Hospital X is a pioneer tertiary hospital that provides a comprehensive range of medical and rehabilitative services for children, adolescents, adults and the elderly.This project plans to make use of the dataset provided by our project sponsor to analyse if there is any relationship between the variables and to create a predictive model for likelihood of a patient in defaulting appointments.


Motivation


Our project sponsor is a medical professional working for Hospital Y. He specialises in tending to younger patients from the age of 18 years old and below. Patients are usually referred to Hospital X by other medical institutions or they booked an appointment directly.

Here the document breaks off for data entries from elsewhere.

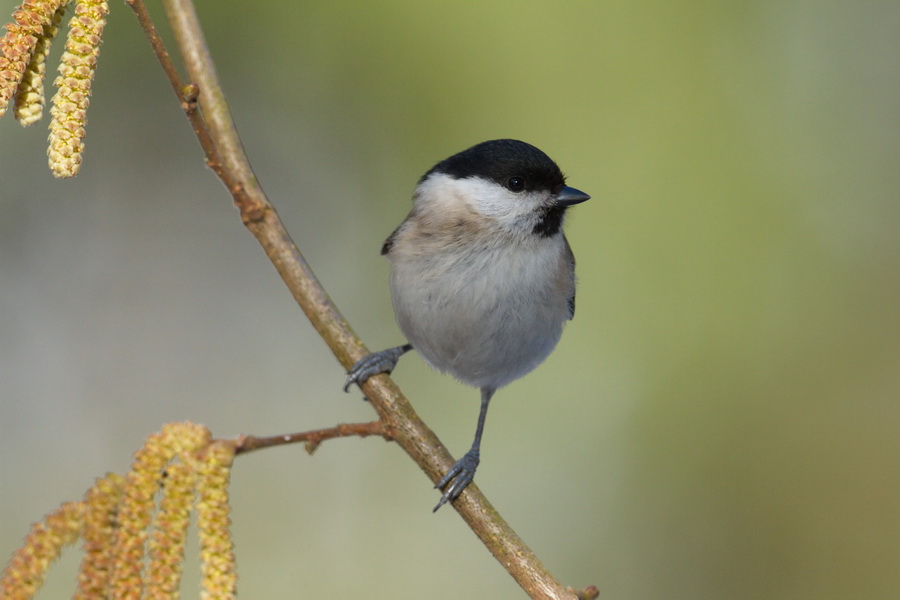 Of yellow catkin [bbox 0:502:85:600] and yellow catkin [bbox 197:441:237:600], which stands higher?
yellow catkin [bbox 0:502:85:600]

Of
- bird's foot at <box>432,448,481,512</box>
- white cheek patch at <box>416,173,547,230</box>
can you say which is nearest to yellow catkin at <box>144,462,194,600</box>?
bird's foot at <box>432,448,481,512</box>

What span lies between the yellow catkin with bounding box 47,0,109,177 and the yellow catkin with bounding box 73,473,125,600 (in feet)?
1.21

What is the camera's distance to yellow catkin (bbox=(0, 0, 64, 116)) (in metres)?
0.89

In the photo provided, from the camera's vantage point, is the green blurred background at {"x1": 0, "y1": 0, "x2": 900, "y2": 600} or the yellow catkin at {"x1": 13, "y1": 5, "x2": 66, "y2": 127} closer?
the yellow catkin at {"x1": 13, "y1": 5, "x2": 66, "y2": 127}

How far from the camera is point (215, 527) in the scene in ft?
2.82

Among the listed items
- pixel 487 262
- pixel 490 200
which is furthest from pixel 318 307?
pixel 490 200

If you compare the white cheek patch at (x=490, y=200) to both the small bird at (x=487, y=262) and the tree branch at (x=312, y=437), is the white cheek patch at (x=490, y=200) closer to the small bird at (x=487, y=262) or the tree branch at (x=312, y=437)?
the small bird at (x=487, y=262)

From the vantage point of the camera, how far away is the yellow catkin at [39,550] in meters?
0.81

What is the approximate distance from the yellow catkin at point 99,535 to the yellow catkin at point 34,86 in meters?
0.44

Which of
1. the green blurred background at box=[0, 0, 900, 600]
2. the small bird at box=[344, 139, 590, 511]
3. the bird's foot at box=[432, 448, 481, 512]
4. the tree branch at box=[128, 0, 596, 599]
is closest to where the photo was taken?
the tree branch at box=[128, 0, 596, 599]

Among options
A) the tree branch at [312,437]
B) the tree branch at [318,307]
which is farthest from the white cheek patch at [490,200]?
the tree branch at [312,437]

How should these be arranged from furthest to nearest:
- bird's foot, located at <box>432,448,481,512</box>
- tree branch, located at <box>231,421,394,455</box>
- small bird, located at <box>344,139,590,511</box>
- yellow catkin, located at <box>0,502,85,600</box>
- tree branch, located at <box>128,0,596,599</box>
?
small bird, located at <box>344,139,590,511</box>
bird's foot, located at <box>432,448,481,512</box>
tree branch, located at <box>128,0,596,599</box>
tree branch, located at <box>231,421,394,455</box>
yellow catkin, located at <box>0,502,85,600</box>

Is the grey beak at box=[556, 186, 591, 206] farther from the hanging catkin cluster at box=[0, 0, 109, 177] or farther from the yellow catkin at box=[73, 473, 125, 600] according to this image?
the yellow catkin at box=[73, 473, 125, 600]

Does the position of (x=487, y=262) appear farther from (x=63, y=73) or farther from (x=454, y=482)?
(x=63, y=73) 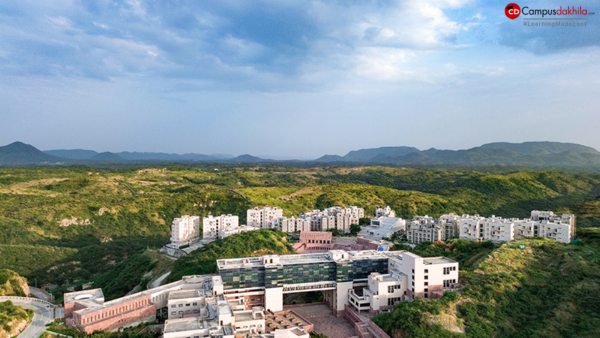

Currently, Hospital X experiences high defaulted or missed appointments rate of about 21% for first visits and 19% for review visits. Defaulted appointments lead to longer appointment lead times, lower operation productivity and overall lower quality of care. Freeing up the time wasted by patients’ no-show would improve utilisation of slots, and even reduce appointment wait time for other patients. By sponsoring this project, our sponsor also hopes to tap into the under-utilised administrative data that is collected by the hospital daily.

Objective & Goals


The main objective of the project would be to develop the following: The objective of the project would be to develop the following:

  1. Analysis of Hospital X's inpatients data
    • To understand the data domains
    • To identify the contributing factors that lead patients to defaulting appointments
    • To analyse any pattern among the patients that defaulted their appointments
    • To evaluate the feasibility of creating a predictive model or a description model
  2. Recommendations based on findings
    • To help stakeholders understand the analysis of the findings
    • To consider the feasibility of a visual aid such as dashboard to aid in the stakeholders' future reference


Provided Data


The data is withheld until the NDA agreement is signed

Methodology


Work in progress

Project Scope


While the project will revolved around the above objectives, our project sponsor is flexible to allow us to explore other possible relevant analytical tools or techniques that would enhance the findings.

  1. The dataset is limited to records from 2015 to 2016, which prevent any seasonal or yearly analysis
  2. The dataset is only pertained to our project sponsor’s department, which tends to younger patients from the age of 18 years old and below.